Creative Impulse
G oodmans hi-fi has launched its first cinema advertising campaign for its in- car brand. Produced with Saatchi and Saatchi, the 50-second ad shows an executive stopping to pump up what appears to be a flat tyre, but turns out to be an inflatable doll. The company has courted controversy before, with its 1992 ads featuring Helmut Newton's photographs of a couple petting in a car.
The client: Goodmans
John Edwards, head of group corporate communications, Alba plc
"Goodmans has had a wonderful strapline for many years: `Goodmans - Britain's second favourite in-car entertainment.' We ran an advert in the Daily Star after the Hugh Grant story broke. It was a cutting from the Daily Express together with `Goodmans - still Britain's second favourite in-car entertainment.' That was also well-received.
We wanted to introduce a campaign that reinforced that strapline in a humorous way. Saatchi suggested things along the lines of the Club 18-30 `Beaver Espana!' campaign. This wasn't in line with our image.
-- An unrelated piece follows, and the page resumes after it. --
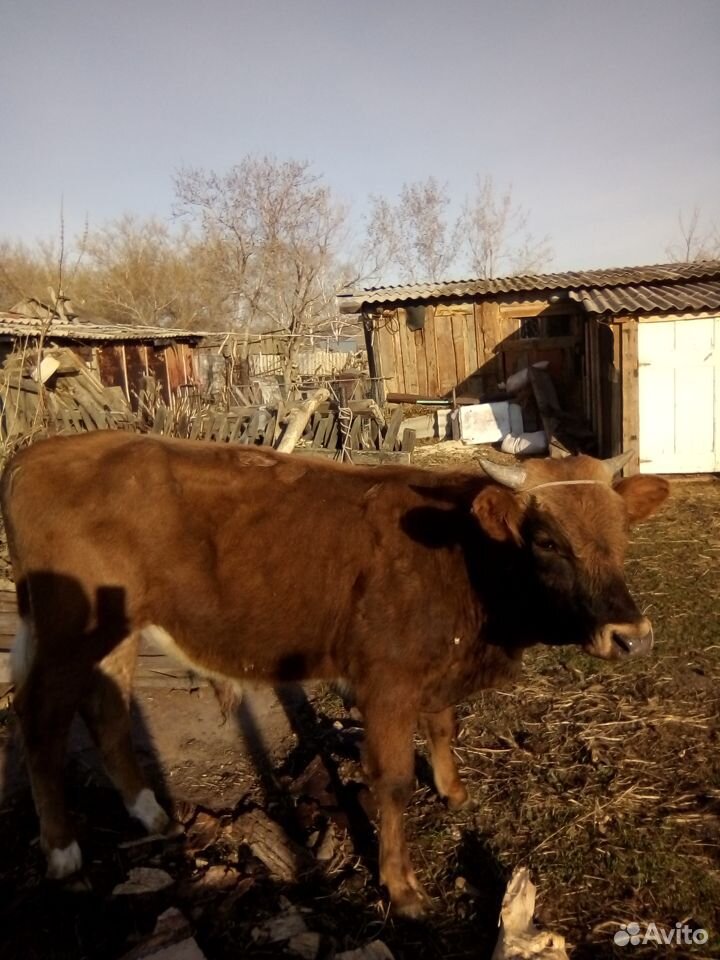 Продам двух бычков купить на Зозу.ру - фотография № 2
The blow-up doll was one of the wittiest concepts. We're trying to reach young people - the 20- to 35-year-old with disposable income, people who want to change their in-car entertainment, rather than buy original equipment."
The agency: Saatchi and Saatchi
Martin Duke, account supervisor
"They wanted to move on from the Helmut Newton shots. We felt we needed to move the campaign on slightly, too. Consumers have changed, and rather than be sexy, as it were, we wanted to have a bit more fun.
Goodmans is a company with a very clear marketing tradition. It never takes itself too seriously. We said: `Let's go into a medium we haven't used before.' So we came up with a cinema script featuring a blow-up doll, by Eugene Rouane. They loved it.
It wasn't so much a conscious effort to be controversial; just us following our brief."